Il se leva de son trône et descendit les marches qui le séparaient de sa cour. Hild croyait devoir l’aider avec toute l'attention que l'on porte aux malades, mais les jambes du vieux roi s'étaient faites aussi dures que des perches de bois ; elles le soutenaient sans mal, maintenant. Hiarrandl était un homme neuf, prêt à faire face à sa destinée. Rien, dorénavant, ne pourrait plus le faire reculer.

« L'anneau sera donné, tu peux me faire confiance. Cependant, tu resteras ici car je ne voudrais pas que Hedin se retrouve à nouveau éloigné de toi. J'irai porter à mon ennemi l'offrande de sa fille et c'est de ma bouche que jailliront les paroles de paix. Jadis, nous avons été amis. J'ai bon espoir.

Le prince grimaça.

« Père, c'est de la folie ! s'écria-t-il. Vous ne comptez pas réellement chevaucher jusque dans le camp adverse ?

— C'est mon plan, rétorqua le suzerain de ce royaume en sursis. Si Hild se rend là-bas, Hogni te l'enlèvera encore. Toi ou n'importe quel autre émissaire serez brutalement exécutés. En revanche, notre ancien allié acceptera de m'écouter, j'en ai la certitude.

— C'est impossible ! Nous ne pouvons pas vous laisser partir seul ! Acceptez au moins qu'une escouade de nos meilleurs combattants vous accompagne.

L'attention de Hiarrandl se porta à nouveau au fond de la pièce. Un chaperon blanc acquiesça ; un doigt long et fin désigna le briseur de trolls.

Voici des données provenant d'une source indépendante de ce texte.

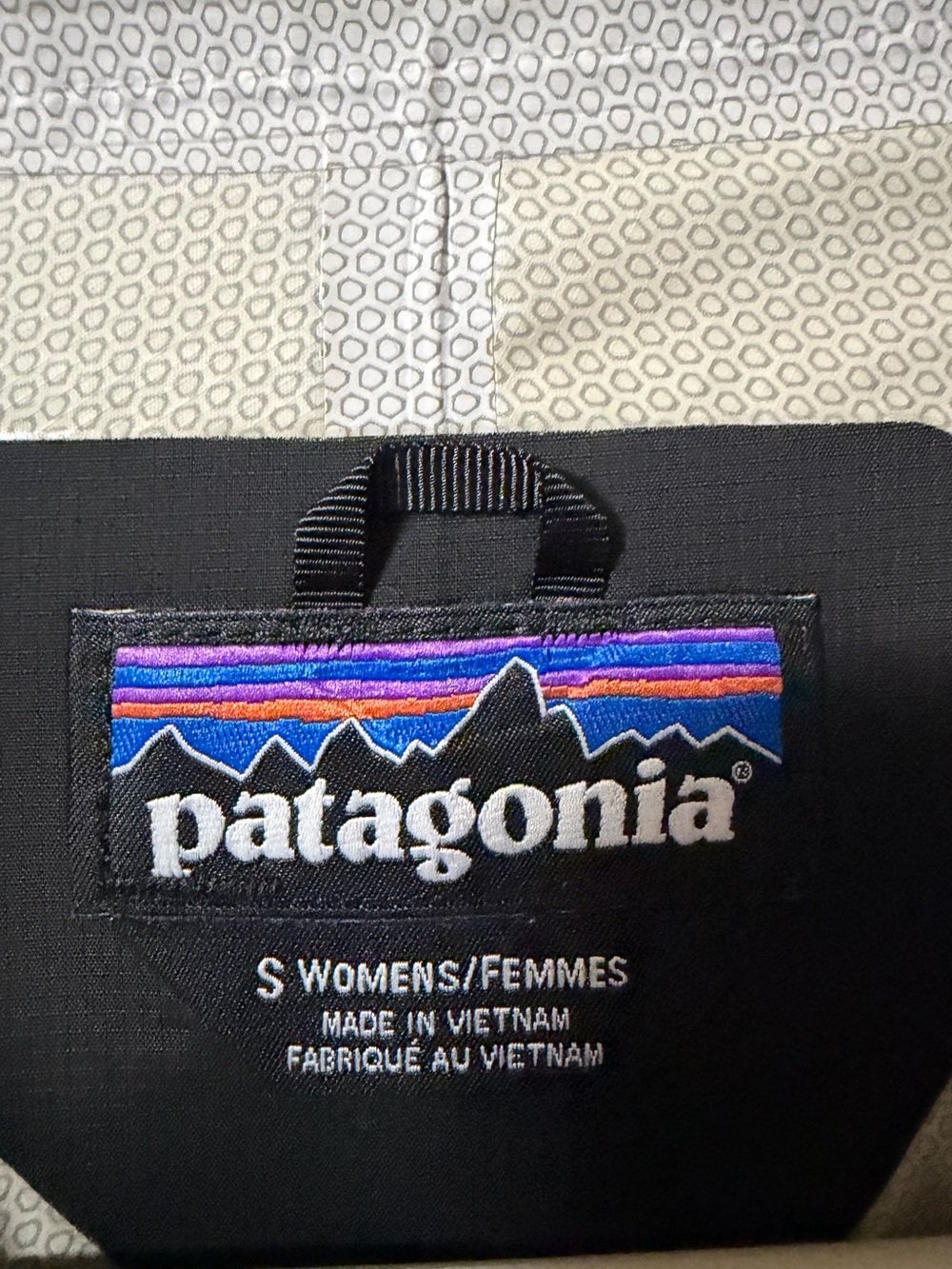 Patagonia Women's Torrentshell 3L Rain Parka - Picture 5 of 11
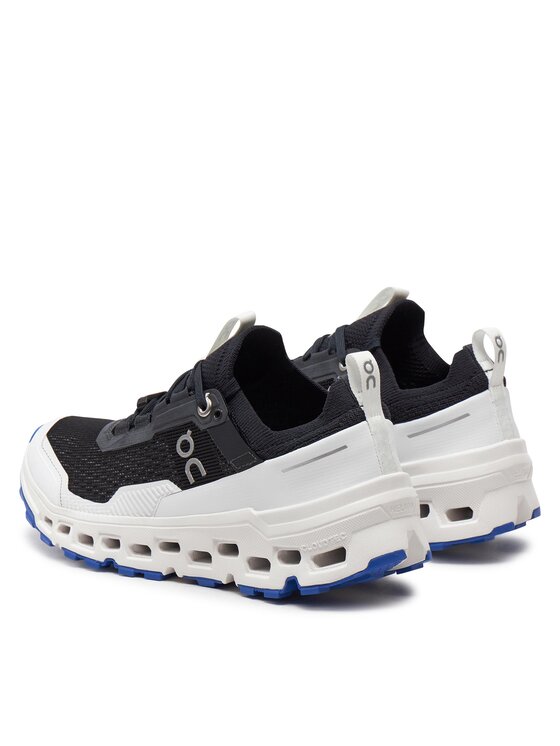 On On Běžecké boty Cloudultra 2 3WD30280299 Bílá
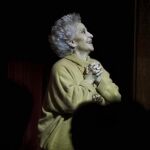 La soprano Teresa Berganza durante el homenaje que le rendieron el martes durante el ensayo general de la zarzuela "El manojo de rosas"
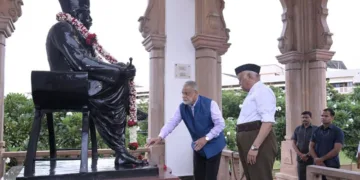 ആര്‍എസ്എസിന്റെ വിജയദശമി ആഘോഷത്തിന്റെ ഭാഗമായി ഡോ.ഹെഡ്‌ഗേവാറിന്റെ പ്രതിമയില്‍ ഐഎസ്ആര്‍ഒ മുന്‍ ചെയര്‍മാന്‍ ഡോ. കെ. രാധാകൃഷ്ണന്‍ പുഷ്പാര്‍ച്ചന നടത്തുന്നു. സമീപം സര്‍സംഘചാലക് ഡോ. മോഹന്‍ ജി ഭാഗവത്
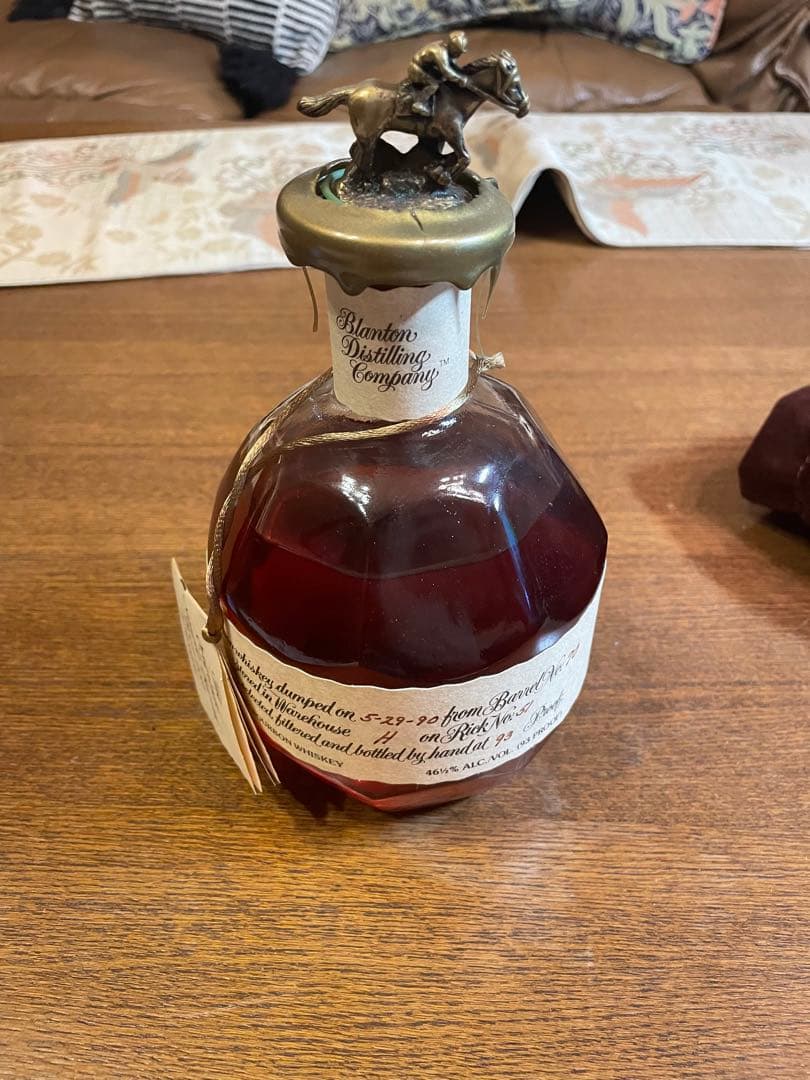 Blanton's Bourbon Whiskey ボトルナンバー5-29-90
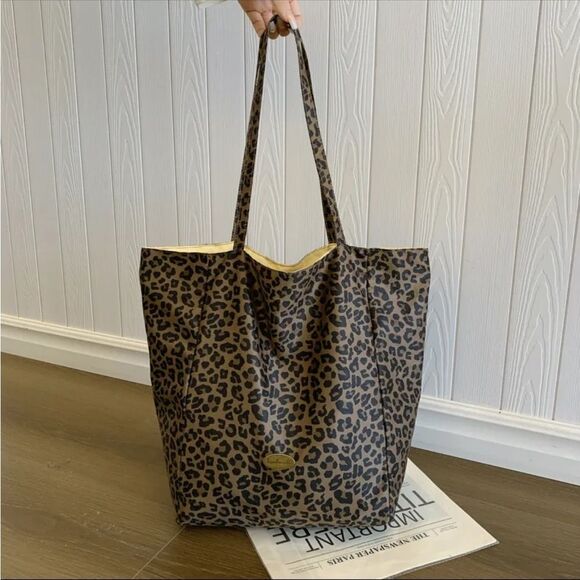 Leopard Print Shoulder Tote Bag - Picture 5 of 10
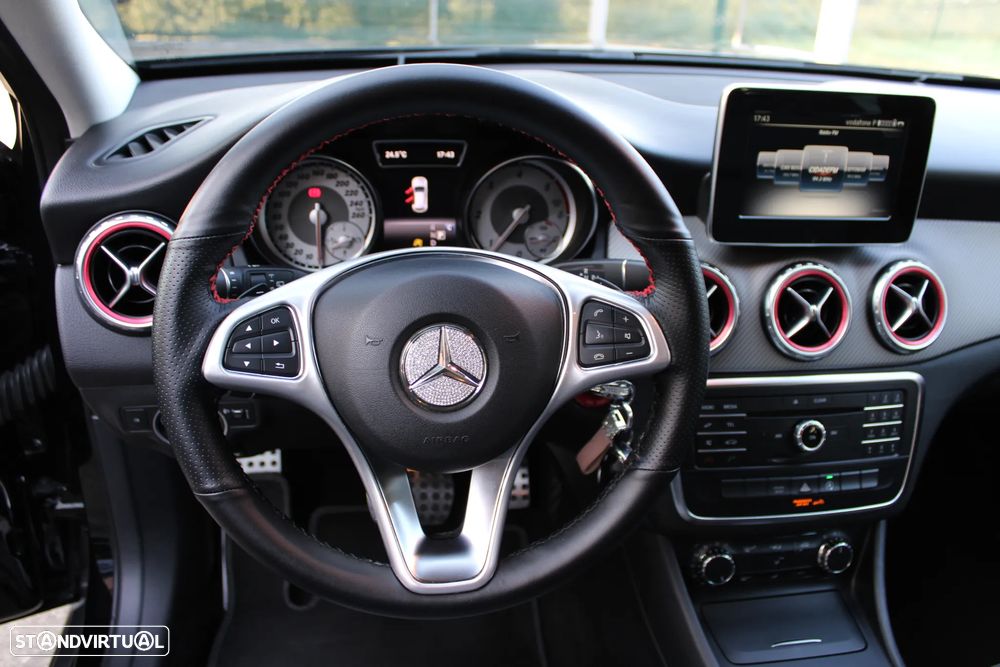 Mercedes-Benz GLA 180 d 7G-DCT Urban - 16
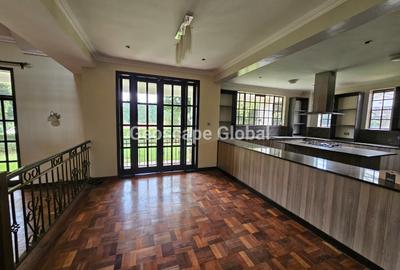 4 Bed House with En Suite in Rosslyn - 2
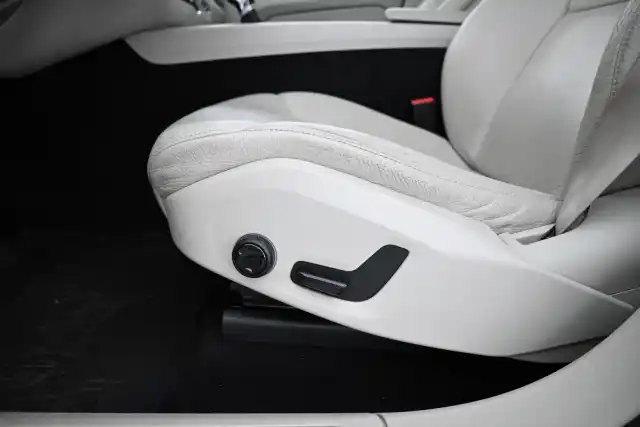Valkoinen Maastoauto, Volvo XC60 – EPE-182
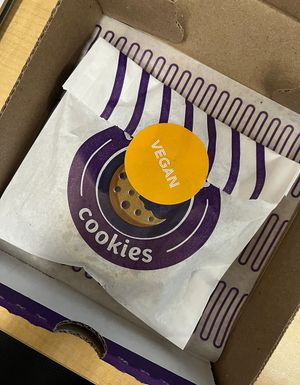 Vegan cookie delivery!! They place your vegan cookies in a separate labeled sleeve, so there is no mixup with any non-vegan ones in your order. Awesome! 👏🏼  at Insomnia Cookies in Dayton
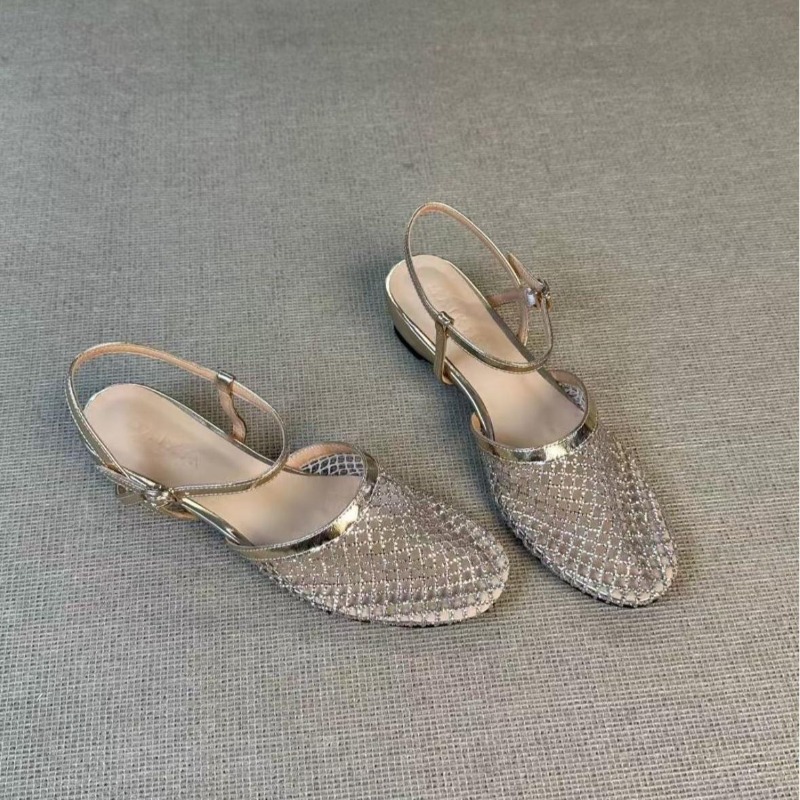 フランス製ラインストーン付き美しい中空ウェッジバオトウサンダ - Women Shoes Model のレビューと価格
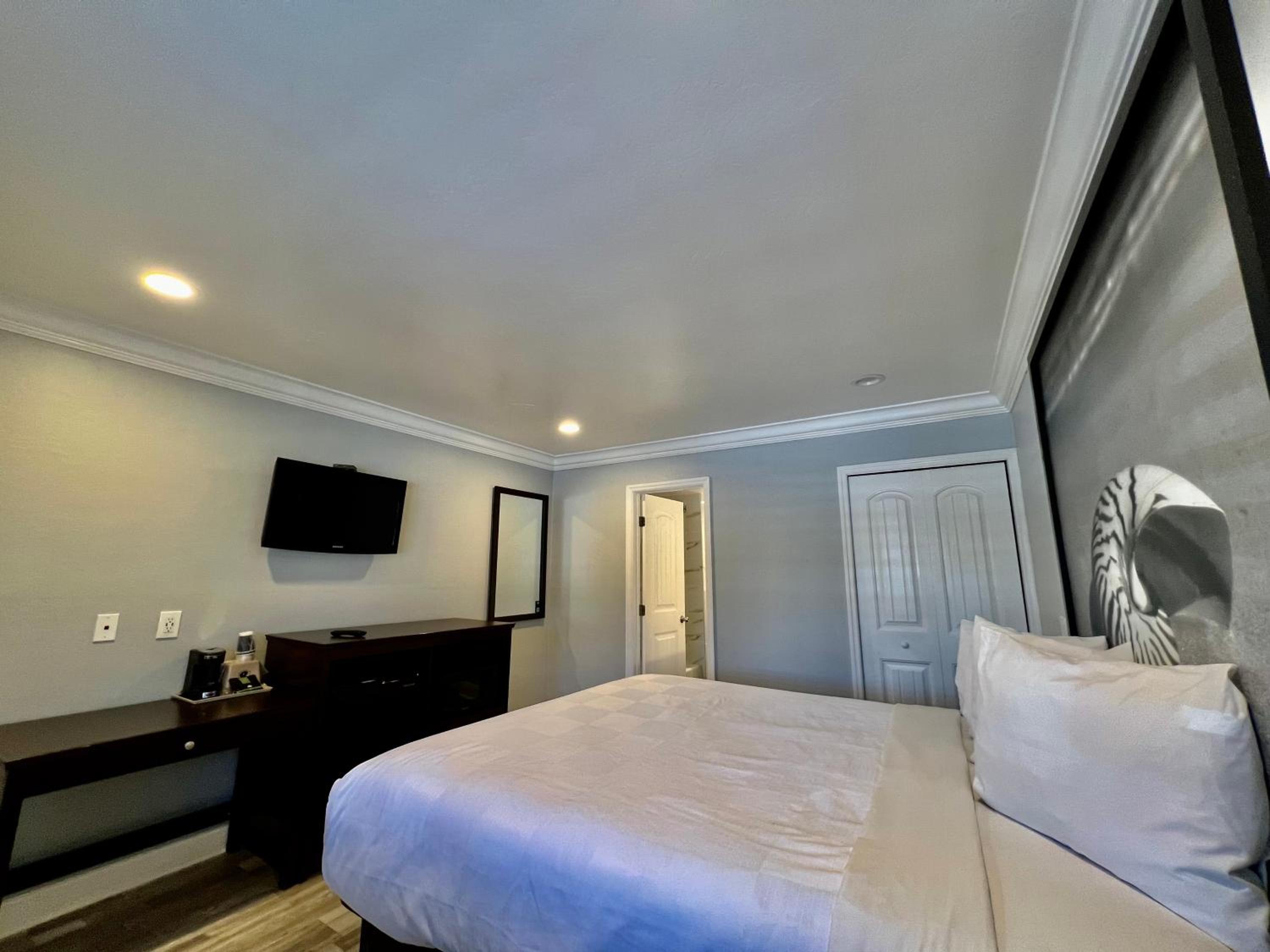 King Room - Non-Smoking - Photo 7
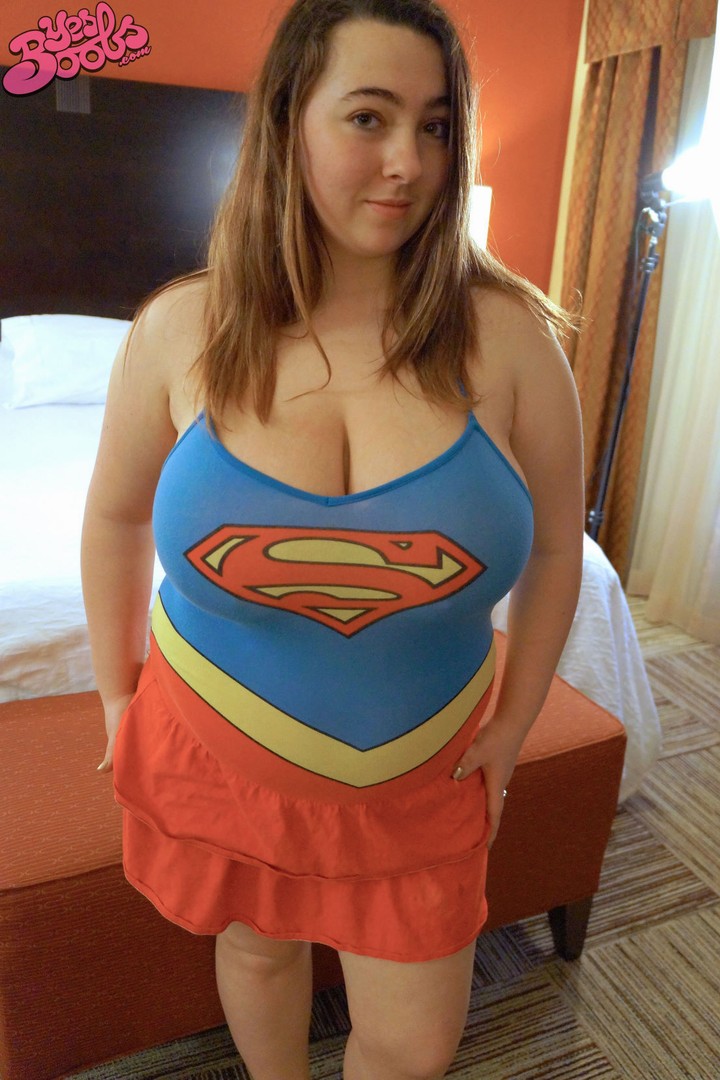 Supergirls Tits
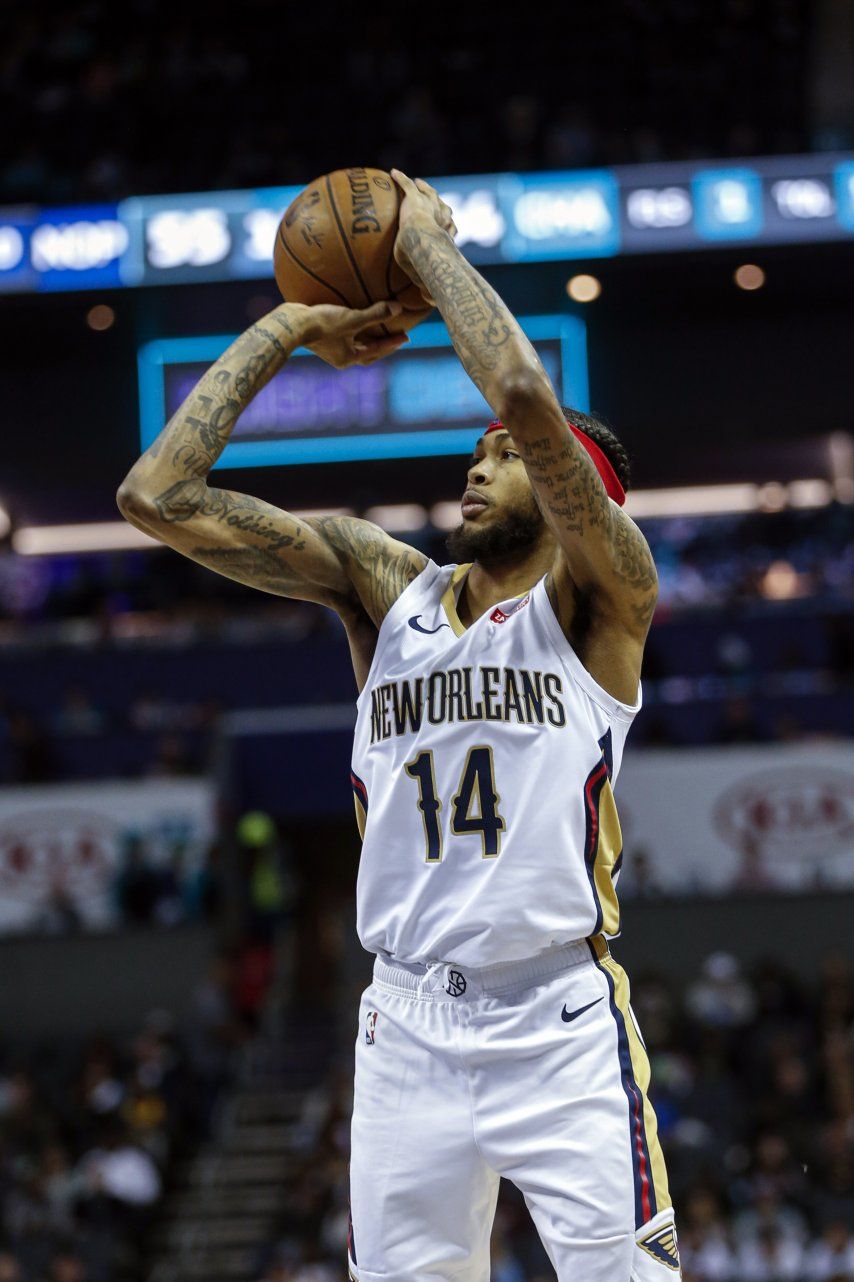 Pelicans pierden 26 balones, pero vencen a Hornets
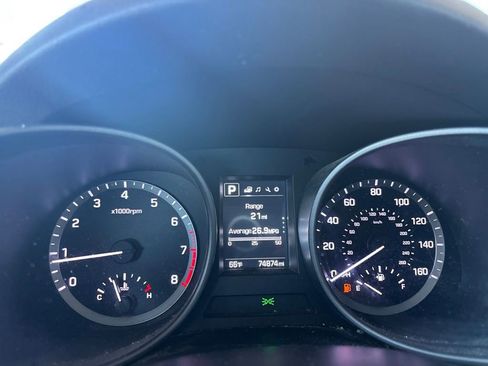 Used 2018 Hyundai Santa Fe Sport w/ Cargo Package FWD image 16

— Bien, accepta-t-il. Valgard viendra avec moi. Il sera inutile d'être plus de deux. Sa curieuse épée sera assez rapide et tranchante pour me protéger. »

Des murmures s'élevèrent. Malgré l'étonnante prestation du fils de Hel lors de la bataille de Manenmark, certains hiadningar continuaient à se méfier de ce nouvel allié. Pour nombre d'entre eux, cet étranger était un monstre grimé sous des airs de mortel. Pour d'autres encore, son refus de témoigner respect et obéissance aux Ases ne pouvait être qu'une source inévitable de malheur. Au sein de l'armée, rares étaient ceux qui lui accordaient une pleine et entière confiance.

« Je n'y suis pas favorable ! objecta Herulf. Je me méfie de lui. Quels que soient ses pouvoirs, je doute qu'il puisse réellement vous défendre au cas où les choses s'envenimeraient. D'ailleurs, je le vois plutôt s'enfuir ventre à terre que vous venir en aide. Si vous voulez un brave, je viendrais avec vous ! »

Le champion des morts demeurait silencieux. Si Hiarrandl voulait que Valgard l'escorte au campement ennemi, le demi-dieu s'exécuterait. Par respect pour les dernières volontés d'un homme prêt à se sacrifier. Et peut-être même par amitié.

« J'accepte, fit-il, la mine grave. Je t'accompagnerai tandis que tu lui remettras la bague, souvenir de son épouse. S'il le faut, je ferai de mon corps ton bouclier. Que tes sujets se rassurent. »

Les réticents n'eurent d'autre choix que de se taire. Les héritiers du roi, sceptiques, prièrent afin que rien de fâcheux n'arrive à leur père. Hild, quant à elle, implora silencieusement les dieux pour qu'ils choisissent la voie de la paix plutôt que celle de la guerre.

Sans perdre de temps, on fit atteler Engill, le cheval du roi, et Hottur, que Hedin céda à Valgard pour la seconde fois. Gitz, ne se sentant pas le courage d'approcher le farouche Hogni, préféra rester auprès d'Elma.

Comme Hiarrandl et son escorte réduite passaient les portes de Hostengard, le peuple retint son souffle.